Member of Technical Staff - Site Reliability Engineer

Endor Labs

Endor Labs

Software Engineering, IT
Palo Alto, CA, USA
USD 170k-220k / year
Posted on May 20, 2025

About Us

Endor Labs is building the Application Security platform for the software development revolution. Modern software is complex and dependency-rich, making it increasingly difficult to pinpoint the risks that truly matter. AI code generation with LLMs exacerbates this problem, making it easy to produce large amounts of code quickly. Endor Labs solves this challenge by building a call graph of your entire software estate—enabling teams to clearly identify, prioritize, and fix critical risks faster.

Trusted by companies that are one or one hundred years old, Endor Labs secures code whether it was written by humans or AI—be it 40-year-old C++ code or cutting-edge Bazel monorepos. Endor Labs was founded by serial entrepreneurs Varun Badhwar and Dimitri Stiliadis and is backed by leading VC firms such as Dell Technologies Capital, Lightspeed, and Sierra Ventures.

What You’ll Do

As a Site Reliability Engineer at Endor Labs, you’ll play a pivotal role in shaping the reliability, performance, and scalability of our systems.
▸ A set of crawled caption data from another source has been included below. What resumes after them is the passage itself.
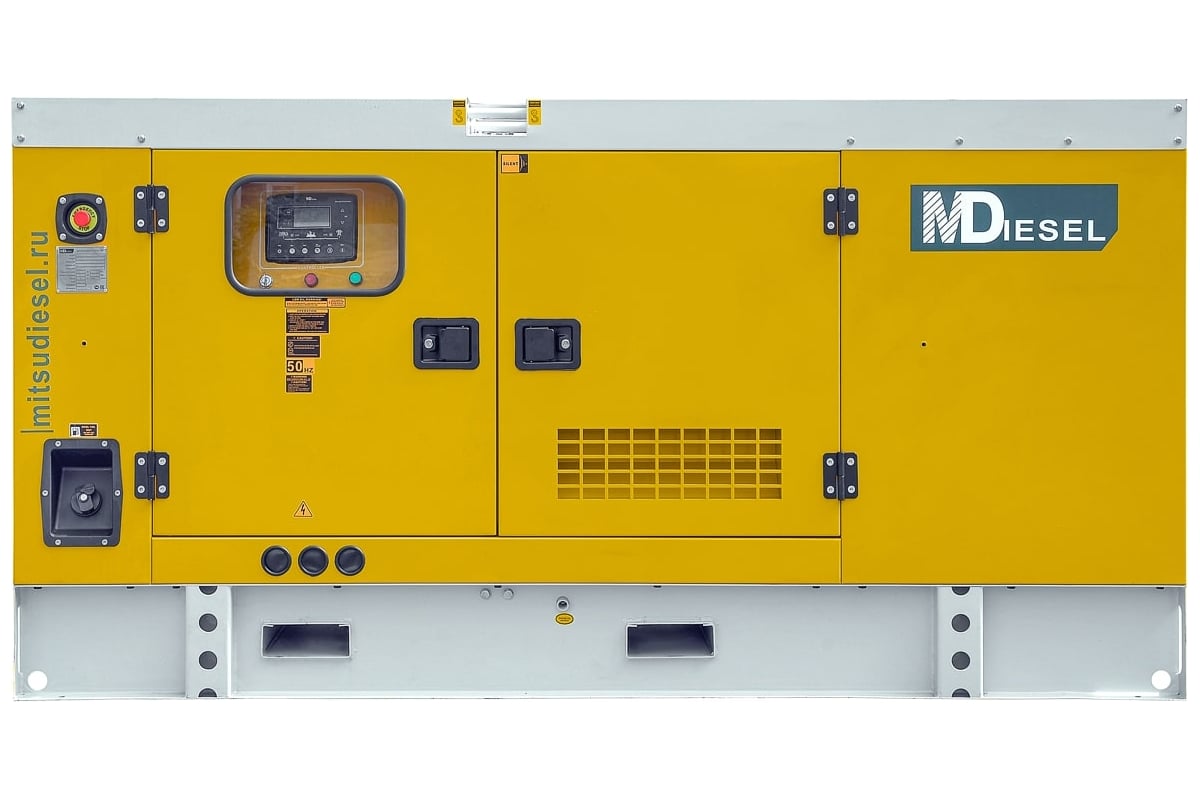Резервный дизельный генератор MDiesel МД АД-100С-Т400-1РКМ29 в шумозащитном кожухе 040480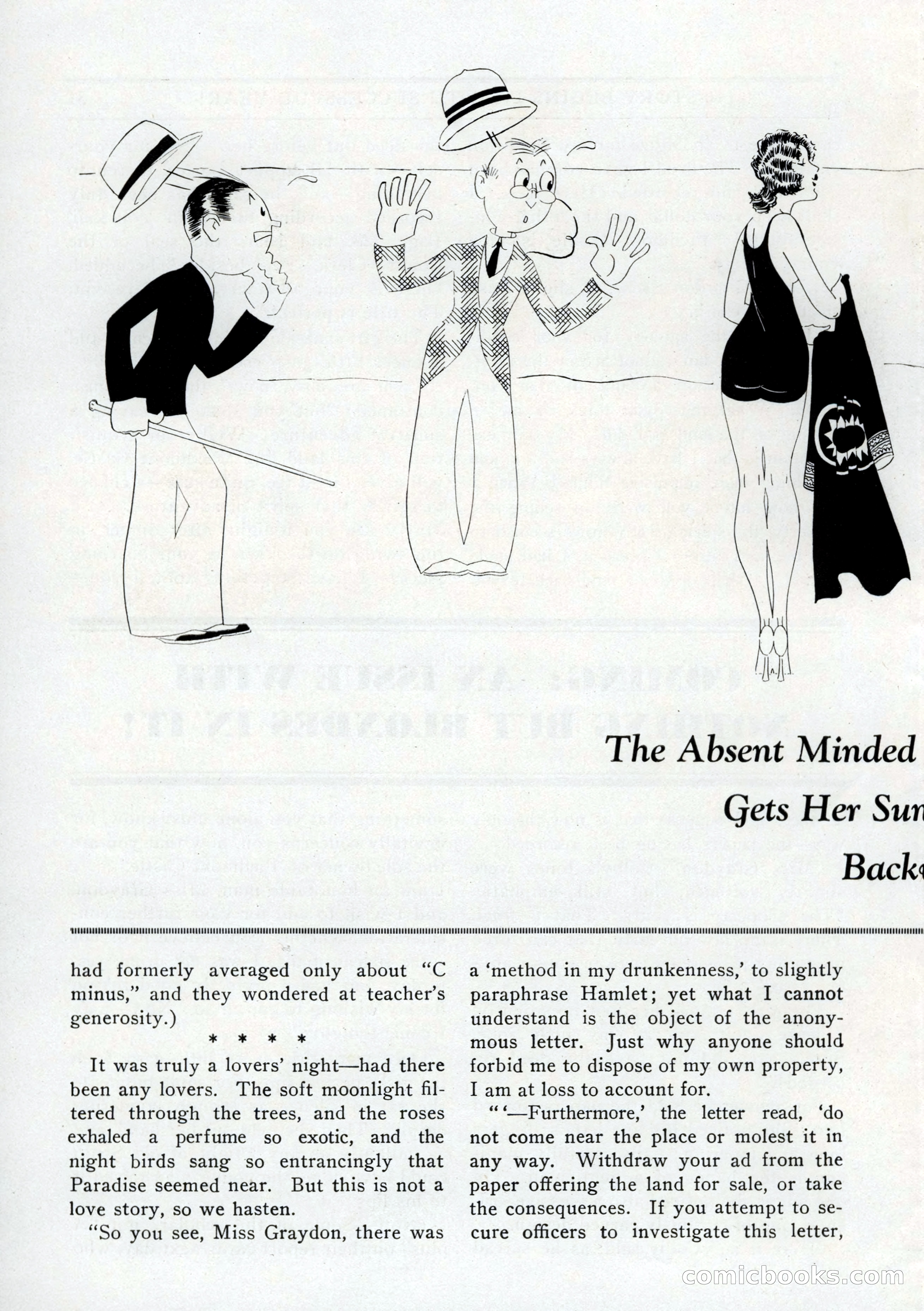10-Story Book, July 1931 — page 34: Pulp Fiction, 1931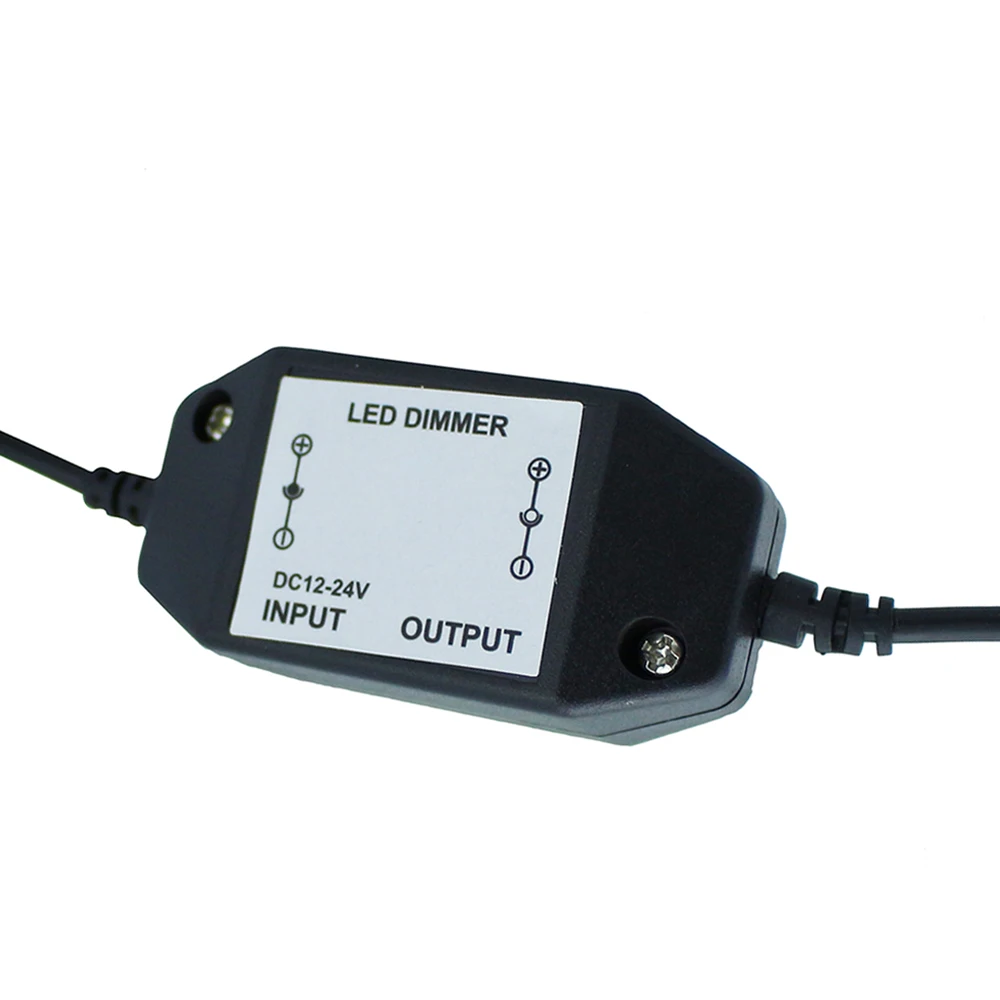 DC12/24V 1 канал 2A встроенный PWM светодиодный диммер переключатель для светодиодных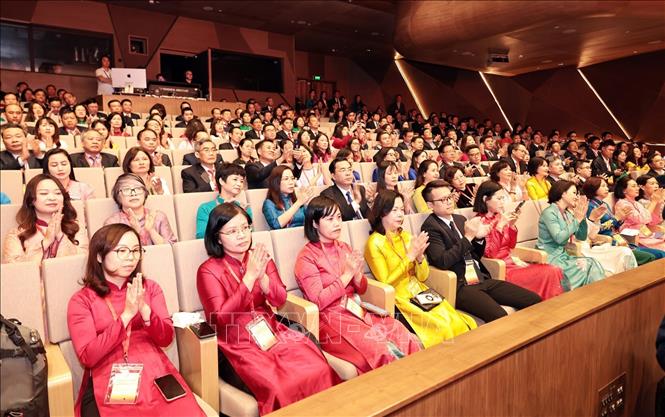 Các đại biểu tham dự đại hội. Ảnh: Trần Việt - TTXVN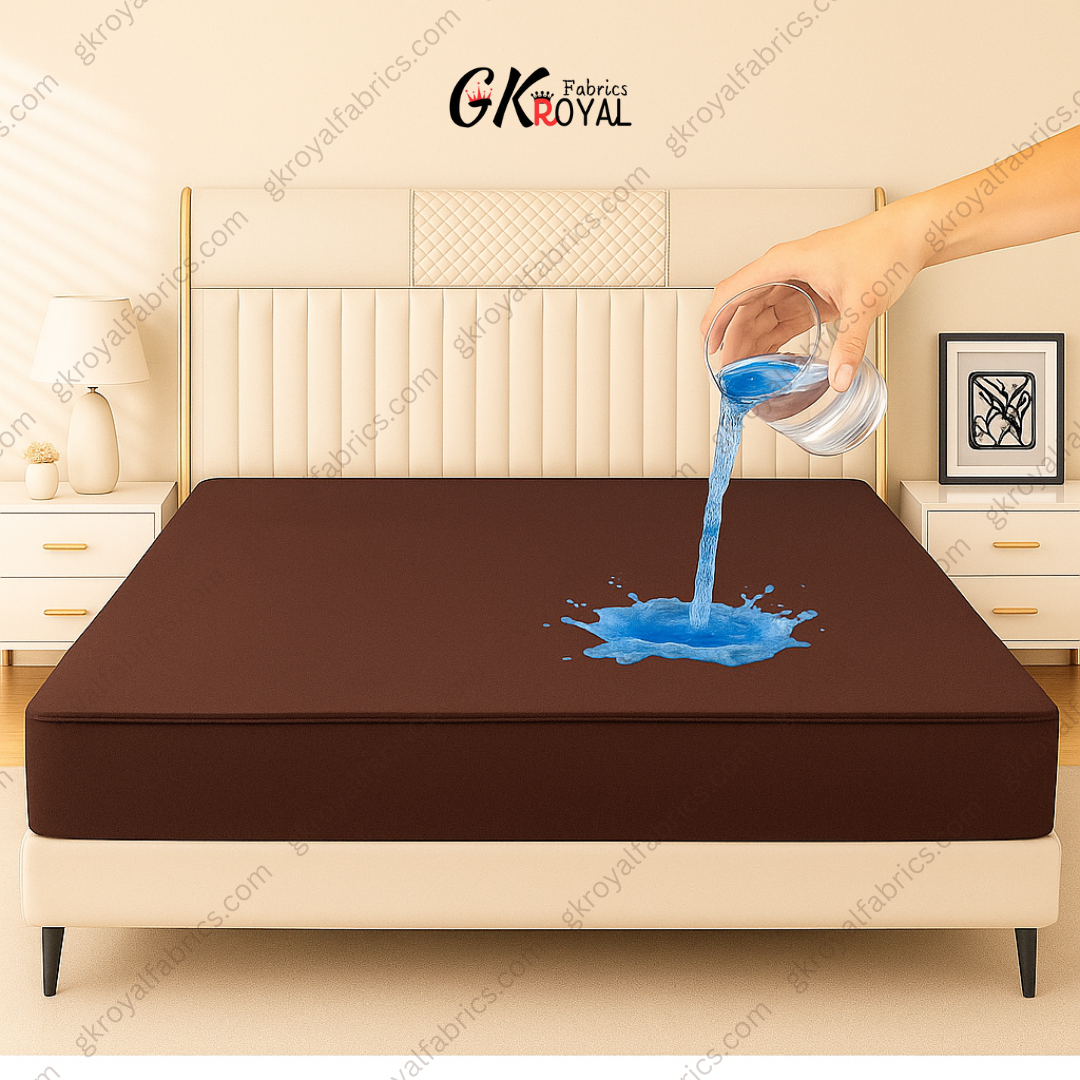 100% Terry Polyster Waterproof Mattress Protector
You’ll partner with engineering teams across the company to define and implement best practices that improve operational excellence, reduce incidents, and foster a culture of accountability and continuous improvement.

  • Lead the definition and rollout of SRE practices across engineering, including SLAs, SLOs, and error budgets
  • Design and build monitoring, alerting, and observability frameworks that empower teams to own the reliability of their services
  • Establish incident response protocols and lead post-incident reviews to drive learning and remediation
  • Collaborate with product and platform teams to improve system architecture with reliability and performance in mind
  • Advocate for automation of deployments, scaling, and failover procedures across services
  • Create tooling and dashboards that give teams visibility into system health, latency, and error rates
  • Foster a blameless culture and partner closely with engineering leadership to drive a proactive approach to reliability
  • Champion operational readiness for new services before they go to production
  • Mentor engineers and help scale reliability thinking across the organization

What We’re Looking For

If you’re passionate about building reliable, secure systems and empowering teams to own what they build—and if you’re excited by the idea of shaping how SRE is practiced at a fast-growing early-stage company—we’d love to talk to you.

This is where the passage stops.